Posted by farmer-fleming 7 (My Page) on
Wed, Oct 9, 13 at 23:46

I'm certain we're going to have a bad winter this year. The squirrels are picking the pecans green & other things as well! I was wondering if I should order my fruit trees now or plant them in the spring? Would they survive a harsh winter? Don't want to waste my time or money... Any thoughts? I live in SC, zone 7. Thanks!

Follow-Up Postings:

RE: Fall vs spring planting - fruit trees

For plants that have no trouble with cold temperatures I like to plant in the fall. I haven't noticed any difference between dormant bare root fruit trees/bushes and actively growing container grown plants - they both have done fine. For plants that are more tender, where I am on the edge of where they should be growing, I like to buy them in the fall but pot them up in a larger pot and protect them over the winter and plant them in the Spring.

I have had many tender fruit trees do fine in the Fall, make it all the way through Winter, start to sprout in the Spring and die sometime in March. I never seem to lose them in the bad weather, only when they are just starting to look happy.

RE: Fall vs spring planting - fruit trees

I have around 100 different fruit trees all less than about 7 years old and most planted in the fall. It's definitely better to plant in the fall than in the spring. Peaches, apples, cherries, nectarines, pears, plums. All better in the fall. I tried pomegranates and a couple service trees, but they perished within a year of planting. Not sure the pomegranates were ready for the ground, but that's how they were advertised and I treated them the same as the others. Tried figs both mail order and from Lowe's and none of them worked out in the open. I'll keep trying them with cuttings I'm taking myself from neighbors.

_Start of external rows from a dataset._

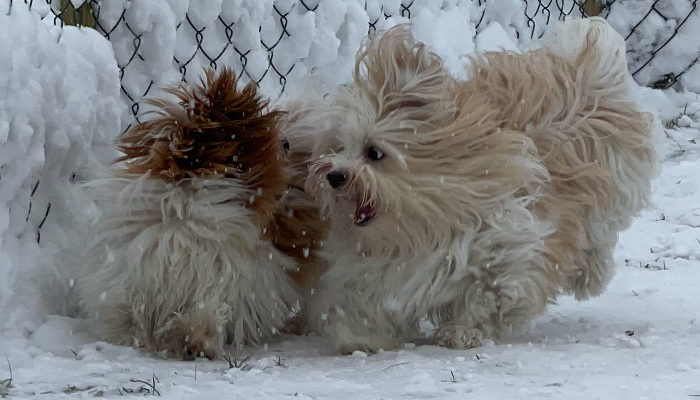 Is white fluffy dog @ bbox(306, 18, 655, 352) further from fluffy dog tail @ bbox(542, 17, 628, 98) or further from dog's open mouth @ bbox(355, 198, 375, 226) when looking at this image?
fluffy dog tail @ bbox(542, 17, 628, 98)

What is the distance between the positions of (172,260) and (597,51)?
1803 mm

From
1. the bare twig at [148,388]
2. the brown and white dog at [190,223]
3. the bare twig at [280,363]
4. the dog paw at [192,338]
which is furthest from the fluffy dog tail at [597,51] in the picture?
the bare twig at [148,388]

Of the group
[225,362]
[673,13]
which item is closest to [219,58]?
[225,362]

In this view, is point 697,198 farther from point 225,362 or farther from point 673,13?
point 225,362

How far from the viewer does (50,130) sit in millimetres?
4195

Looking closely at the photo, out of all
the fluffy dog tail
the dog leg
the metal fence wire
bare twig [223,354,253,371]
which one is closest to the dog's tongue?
the dog leg

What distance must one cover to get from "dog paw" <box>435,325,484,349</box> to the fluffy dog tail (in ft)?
3.61

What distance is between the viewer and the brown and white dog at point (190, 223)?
3.69 metres

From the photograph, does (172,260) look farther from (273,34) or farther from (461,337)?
(273,34)

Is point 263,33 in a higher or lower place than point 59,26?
higher

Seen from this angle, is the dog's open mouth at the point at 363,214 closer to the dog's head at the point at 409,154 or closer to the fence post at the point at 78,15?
the dog's head at the point at 409,154

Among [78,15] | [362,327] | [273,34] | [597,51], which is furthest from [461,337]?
[273,34]

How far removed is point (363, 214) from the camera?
3.60 meters

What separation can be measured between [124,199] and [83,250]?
34 cm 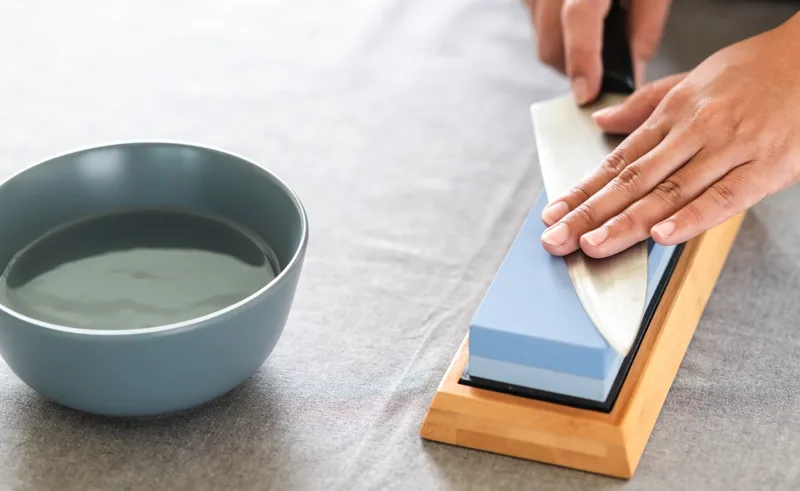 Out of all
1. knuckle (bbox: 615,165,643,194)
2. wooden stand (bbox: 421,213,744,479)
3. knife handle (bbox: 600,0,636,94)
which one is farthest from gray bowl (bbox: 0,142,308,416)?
knife handle (bbox: 600,0,636,94)

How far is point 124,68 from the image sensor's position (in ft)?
3.53

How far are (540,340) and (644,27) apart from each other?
454 millimetres

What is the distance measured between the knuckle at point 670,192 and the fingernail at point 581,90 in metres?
0.16

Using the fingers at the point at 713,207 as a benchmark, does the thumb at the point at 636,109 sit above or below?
above

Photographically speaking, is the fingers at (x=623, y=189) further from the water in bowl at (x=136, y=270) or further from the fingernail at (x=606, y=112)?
the water in bowl at (x=136, y=270)

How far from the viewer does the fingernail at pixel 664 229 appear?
2.19ft

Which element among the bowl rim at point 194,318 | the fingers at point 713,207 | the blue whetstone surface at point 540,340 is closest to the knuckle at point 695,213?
the fingers at point 713,207

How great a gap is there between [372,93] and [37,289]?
1.51 feet

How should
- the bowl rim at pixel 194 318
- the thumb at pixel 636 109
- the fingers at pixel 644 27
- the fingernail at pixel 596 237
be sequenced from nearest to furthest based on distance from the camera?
the bowl rim at pixel 194 318 → the fingernail at pixel 596 237 → the thumb at pixel 636 109 → the fingers at pixel 644 27

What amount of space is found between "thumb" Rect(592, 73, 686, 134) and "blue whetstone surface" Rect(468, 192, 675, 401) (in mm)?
194

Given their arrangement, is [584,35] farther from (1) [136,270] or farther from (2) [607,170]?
(1) [136,270]

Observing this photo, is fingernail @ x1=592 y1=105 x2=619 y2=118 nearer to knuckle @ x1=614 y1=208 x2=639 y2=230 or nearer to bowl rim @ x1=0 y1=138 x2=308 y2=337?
knuckle @ x1=614 y1=208 x2=639 y2=230

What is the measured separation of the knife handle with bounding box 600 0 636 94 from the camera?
2.86ft

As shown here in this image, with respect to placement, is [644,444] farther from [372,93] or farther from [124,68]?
[124,68] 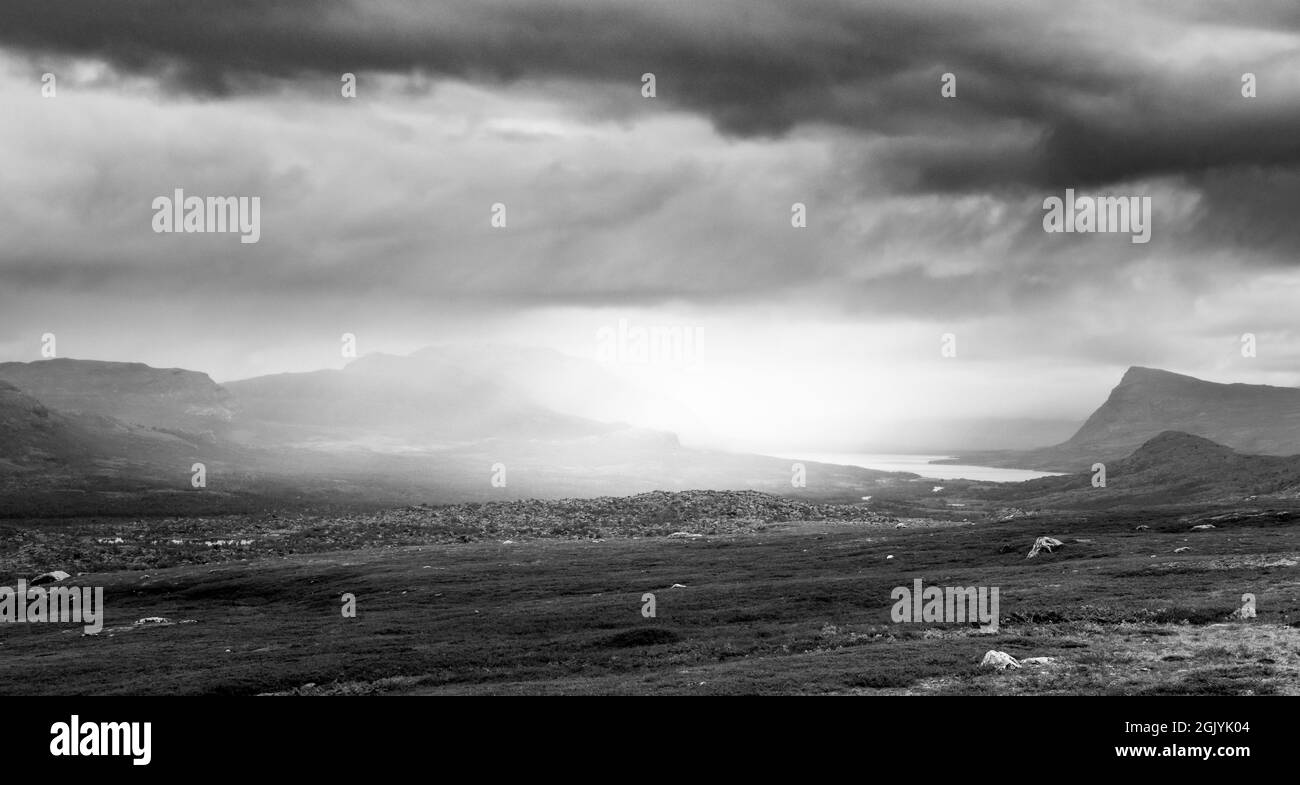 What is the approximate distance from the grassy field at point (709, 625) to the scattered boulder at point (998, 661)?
62 centimetres

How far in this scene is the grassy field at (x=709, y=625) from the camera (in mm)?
36156

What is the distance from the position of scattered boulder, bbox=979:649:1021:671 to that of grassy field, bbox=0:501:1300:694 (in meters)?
0.62

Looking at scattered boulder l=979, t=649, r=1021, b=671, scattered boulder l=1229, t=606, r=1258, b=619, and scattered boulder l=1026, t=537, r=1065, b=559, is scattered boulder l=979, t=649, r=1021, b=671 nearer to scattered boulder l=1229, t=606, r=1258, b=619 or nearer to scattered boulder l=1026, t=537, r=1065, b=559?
scattered boulder l=1229, t=606, r=1258, b=619

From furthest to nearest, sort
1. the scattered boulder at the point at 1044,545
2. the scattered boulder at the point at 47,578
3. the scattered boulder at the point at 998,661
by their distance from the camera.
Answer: the scattered boulder at the point at 47,578, the scattered boulder at the point at 1044,545, the scattered boulder at the point at 998,661

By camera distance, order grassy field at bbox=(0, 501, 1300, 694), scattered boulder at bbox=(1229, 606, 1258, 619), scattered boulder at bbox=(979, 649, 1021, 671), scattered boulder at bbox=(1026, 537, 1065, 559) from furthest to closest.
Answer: scattered boulder at bbox=(1026, 537, 1065, 559)
scattered boulder at bbox=(1229, 606, 1258, 619)
grassy field at bbox=(0, 501, 1300, 694)
scattered boulder at bbox=(979, 649, 1021, 671)

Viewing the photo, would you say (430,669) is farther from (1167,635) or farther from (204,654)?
(1167,635)

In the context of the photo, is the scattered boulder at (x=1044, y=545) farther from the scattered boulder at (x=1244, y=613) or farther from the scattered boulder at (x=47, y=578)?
the scattered boulder at (x=47, y=578)

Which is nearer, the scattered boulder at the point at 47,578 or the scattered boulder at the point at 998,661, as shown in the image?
the scattered boulder at the point at 998,661

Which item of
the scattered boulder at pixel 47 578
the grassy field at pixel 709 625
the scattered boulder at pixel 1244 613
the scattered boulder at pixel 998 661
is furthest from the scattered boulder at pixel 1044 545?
the scattered boulder at pixel 47 578

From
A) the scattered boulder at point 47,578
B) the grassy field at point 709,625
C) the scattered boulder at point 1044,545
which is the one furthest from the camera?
the scattered boulder at point 47,578

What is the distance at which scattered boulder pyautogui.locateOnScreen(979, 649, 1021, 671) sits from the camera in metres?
35.4

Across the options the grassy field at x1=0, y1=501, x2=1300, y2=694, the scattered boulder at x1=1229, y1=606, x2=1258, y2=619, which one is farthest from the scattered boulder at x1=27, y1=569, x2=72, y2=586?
the scattered boulder at x1=1229, y1=606, x2=1258, y2=619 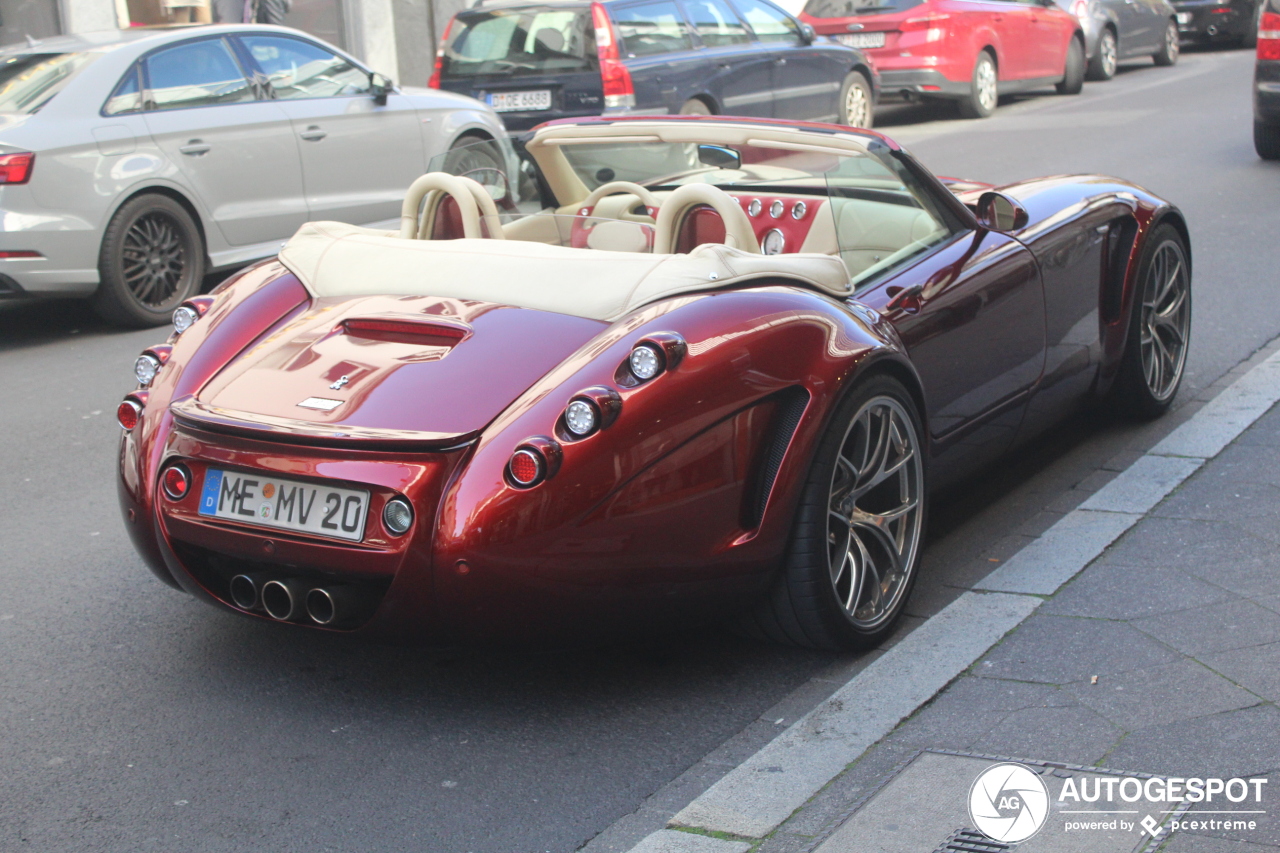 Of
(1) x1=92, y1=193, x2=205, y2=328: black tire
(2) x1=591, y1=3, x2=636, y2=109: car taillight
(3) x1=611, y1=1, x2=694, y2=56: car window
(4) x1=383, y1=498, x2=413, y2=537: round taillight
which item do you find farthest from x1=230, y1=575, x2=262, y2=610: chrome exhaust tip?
(3) x1=611, y1=1, x2=694, y2=56: car window

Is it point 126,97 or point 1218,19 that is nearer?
point 126,97

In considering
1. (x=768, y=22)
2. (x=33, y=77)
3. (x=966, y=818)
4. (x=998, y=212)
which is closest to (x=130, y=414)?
(x=966, y=818)

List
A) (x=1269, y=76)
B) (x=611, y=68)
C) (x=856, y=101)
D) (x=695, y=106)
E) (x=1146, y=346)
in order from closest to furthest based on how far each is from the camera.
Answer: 1. (x=1146, y=346)
2. (x=1269, y=76)
3. (x=611, y=68)
4. (x=695, y=106)
5. (x=856, y=101)

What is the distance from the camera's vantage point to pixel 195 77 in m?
8.70

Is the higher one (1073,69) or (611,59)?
(611,59)

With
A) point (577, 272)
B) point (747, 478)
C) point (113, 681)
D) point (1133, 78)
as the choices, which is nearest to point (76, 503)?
point (113, 681)

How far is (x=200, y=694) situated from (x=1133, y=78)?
66.1ft

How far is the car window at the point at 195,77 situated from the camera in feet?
27.8

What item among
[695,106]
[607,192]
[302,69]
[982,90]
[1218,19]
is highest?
[302,69]

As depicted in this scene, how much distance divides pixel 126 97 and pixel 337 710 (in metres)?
5.81

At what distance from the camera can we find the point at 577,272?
145 inches

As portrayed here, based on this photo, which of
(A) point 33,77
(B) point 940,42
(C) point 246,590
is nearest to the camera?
(C) point 246,590

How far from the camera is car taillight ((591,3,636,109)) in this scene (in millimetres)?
12500

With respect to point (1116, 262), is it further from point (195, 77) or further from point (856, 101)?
point (856, 101) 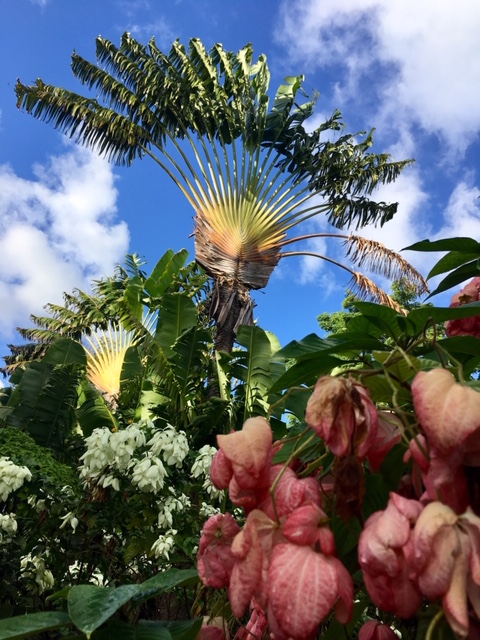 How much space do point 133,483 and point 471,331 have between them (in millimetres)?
2487

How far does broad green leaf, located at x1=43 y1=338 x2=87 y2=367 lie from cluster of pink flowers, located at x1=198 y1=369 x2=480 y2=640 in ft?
19.5

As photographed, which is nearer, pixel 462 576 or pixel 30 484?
pixel 462 576

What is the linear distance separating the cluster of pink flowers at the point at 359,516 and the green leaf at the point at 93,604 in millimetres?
85

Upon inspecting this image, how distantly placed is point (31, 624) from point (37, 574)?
9.02ft

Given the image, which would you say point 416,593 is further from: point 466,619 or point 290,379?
point 290,379

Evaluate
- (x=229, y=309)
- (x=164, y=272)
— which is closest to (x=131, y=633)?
(x=164, y=272)

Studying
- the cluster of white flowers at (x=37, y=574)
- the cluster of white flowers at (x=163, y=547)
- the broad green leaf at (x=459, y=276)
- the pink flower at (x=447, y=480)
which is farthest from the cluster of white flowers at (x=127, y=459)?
the pink flower at (x=447, y=480)

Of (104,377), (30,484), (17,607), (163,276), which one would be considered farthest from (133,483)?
(104,377)

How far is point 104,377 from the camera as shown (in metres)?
11.3

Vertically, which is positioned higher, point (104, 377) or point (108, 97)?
point (108, 97)

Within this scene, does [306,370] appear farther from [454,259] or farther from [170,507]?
[170,507]

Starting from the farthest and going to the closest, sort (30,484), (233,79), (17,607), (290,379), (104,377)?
(104,377)
(233,79)
(30,484)
(17,607)
(290,379)

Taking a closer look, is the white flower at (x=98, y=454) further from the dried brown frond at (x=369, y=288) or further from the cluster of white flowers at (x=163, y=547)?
the dried brown frond at (x=369, y=288)

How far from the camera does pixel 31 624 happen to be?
15.9 inches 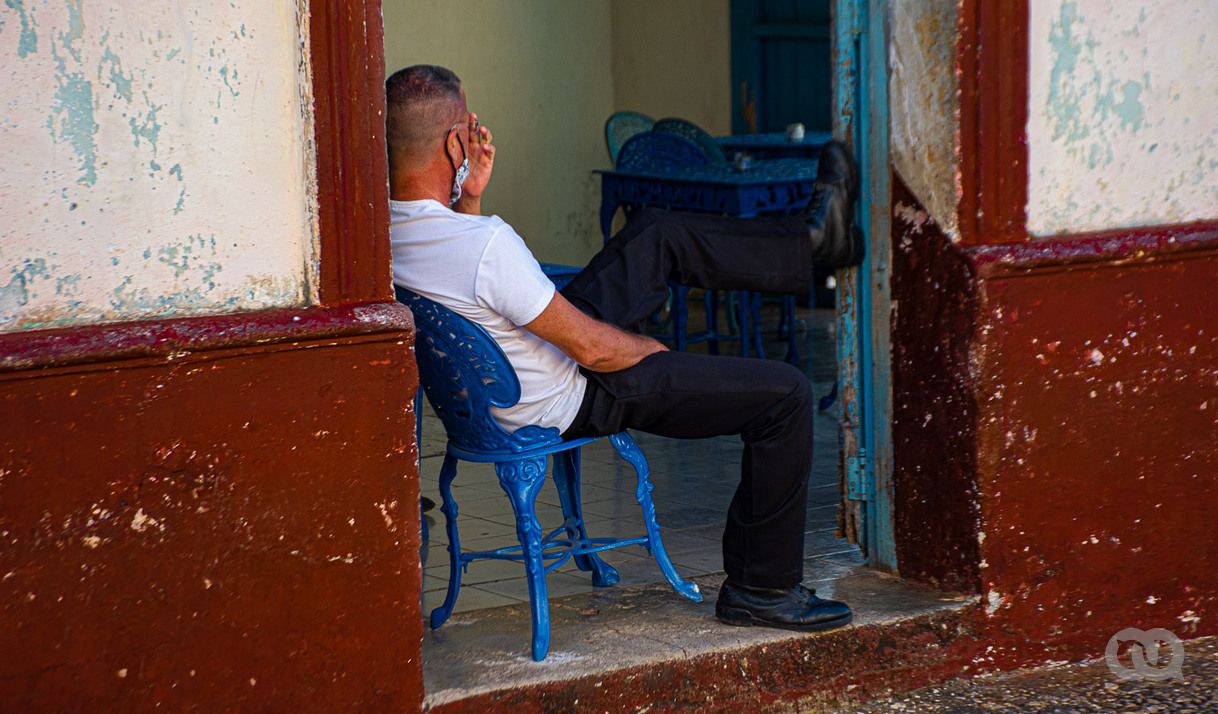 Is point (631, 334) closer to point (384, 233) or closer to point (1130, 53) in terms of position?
point (384, 233)

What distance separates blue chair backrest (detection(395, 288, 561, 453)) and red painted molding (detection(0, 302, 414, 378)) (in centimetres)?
32

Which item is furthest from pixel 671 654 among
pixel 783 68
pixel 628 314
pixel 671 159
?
pixel 783 68

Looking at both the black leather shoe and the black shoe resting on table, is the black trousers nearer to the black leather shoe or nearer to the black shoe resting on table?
the black leather shoe

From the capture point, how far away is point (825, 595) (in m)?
3.87

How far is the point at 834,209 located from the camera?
379 cm

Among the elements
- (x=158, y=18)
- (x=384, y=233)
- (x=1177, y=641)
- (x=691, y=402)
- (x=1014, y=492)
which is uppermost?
(x=158, y=18)

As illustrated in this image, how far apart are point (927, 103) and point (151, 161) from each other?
1.91 metres

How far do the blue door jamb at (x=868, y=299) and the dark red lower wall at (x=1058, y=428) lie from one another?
0.19ft

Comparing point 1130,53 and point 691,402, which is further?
point 1130,53

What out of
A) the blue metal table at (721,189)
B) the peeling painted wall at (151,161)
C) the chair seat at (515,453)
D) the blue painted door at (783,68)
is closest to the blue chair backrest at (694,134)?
the blue metal table at (721,189)

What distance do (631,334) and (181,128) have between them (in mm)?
1155

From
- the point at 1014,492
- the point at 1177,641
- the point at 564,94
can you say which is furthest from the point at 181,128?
the point at 564,94

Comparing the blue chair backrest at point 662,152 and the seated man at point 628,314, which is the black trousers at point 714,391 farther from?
the blue chair backrest at point 662,152

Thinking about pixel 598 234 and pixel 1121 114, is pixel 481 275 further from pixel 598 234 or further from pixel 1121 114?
pixel 598 234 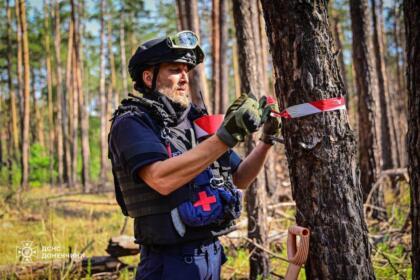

Benefit to planting in the fall is that the roots are growing even if the tops aren't doing anything. The tops will start putting out red/dark brown growth in late January into February and leaves later on when they're supposed to. I've only lost a few other trees, two cherries last summer because they flooded the weekend we had 10 inches of rain here. But that's rare and the rest of the trees in the immediate area were fine. One apple elsewhere because of all the rain and probably weak root system. But all else look good. I even had a couple crabapples and pears this summer that the deer got before I could. One of these days I'll be busy... :-)

Stark Bros, One Green World (Pacific NW nursery), and Willis Orchard Co. (southern GA) are my favorites to mail order fruit trees from. All quality products for the most part, all packaged well. I like Miller nursery as well for their berry plants. And I just tried to go to their website and it says they're merging with Stark Bros, so that tells me they really did have a quality product. I hope that's what that means. :-)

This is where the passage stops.